• WORK REQUEST: Below are some entries; reproduce them exactly and leave every picture out.

• DATA FOR REVIEW:
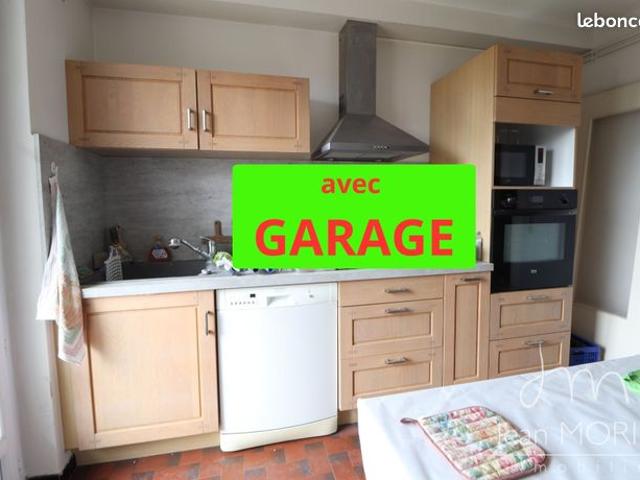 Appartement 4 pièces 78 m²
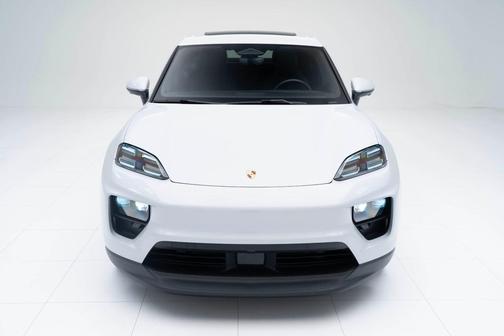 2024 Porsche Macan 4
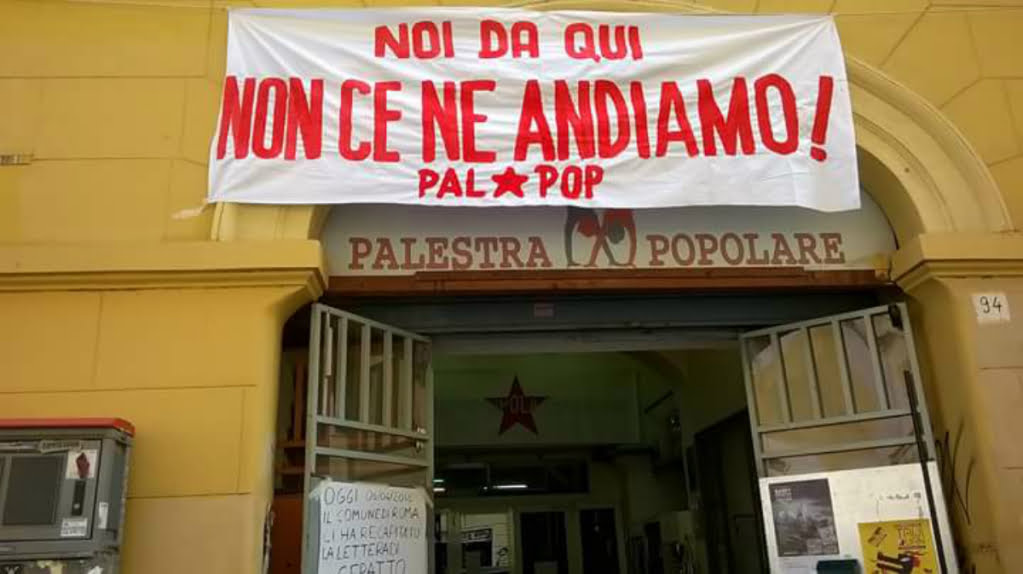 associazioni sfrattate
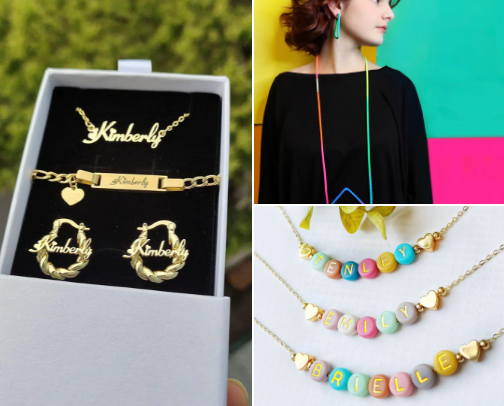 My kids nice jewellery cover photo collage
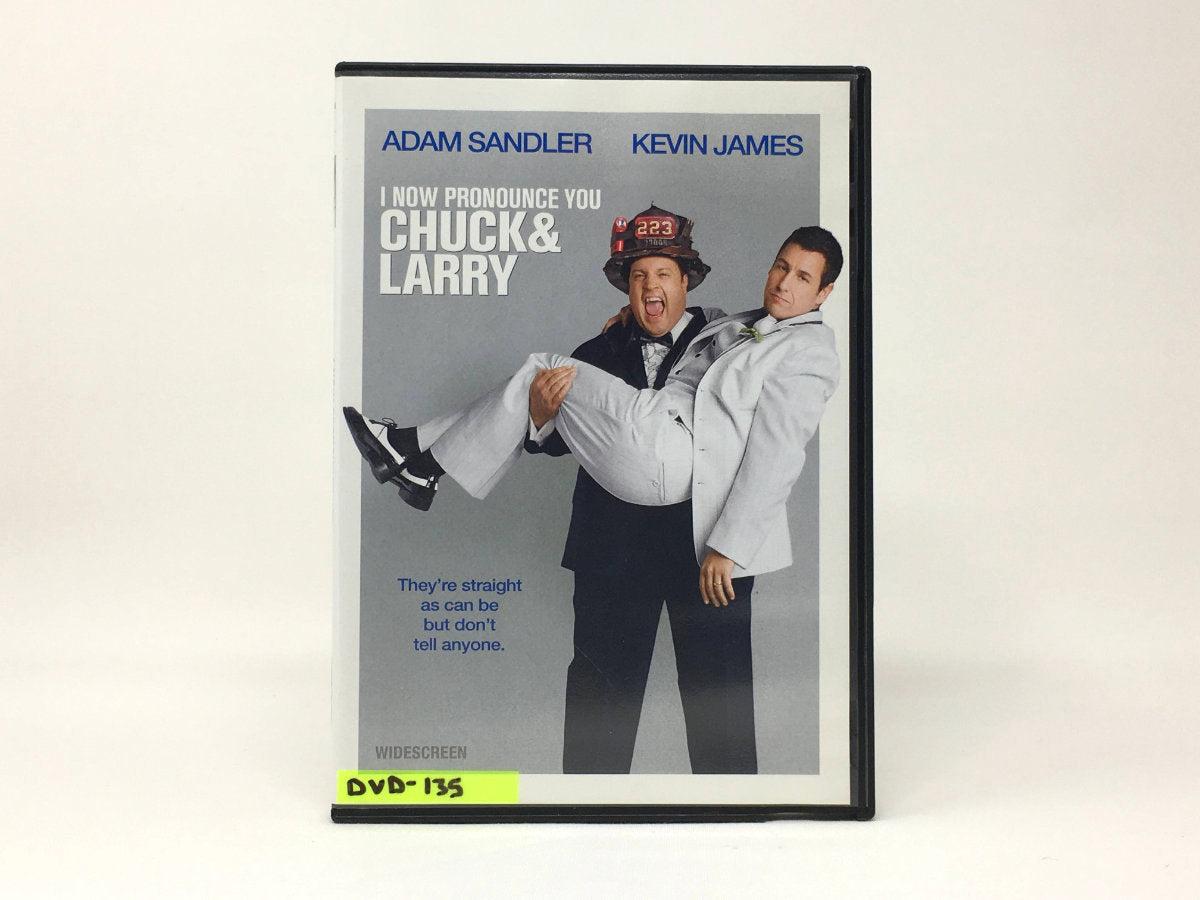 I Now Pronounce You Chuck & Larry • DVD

• THE ANSWER:
 Appartement 4 pièces 78 m²
 2024 Porsche Macan 4
 associazioni sfrattate
 My kids nice jewellery cover photo collage
 I Now Pronounce You Chuck & Larry • DVD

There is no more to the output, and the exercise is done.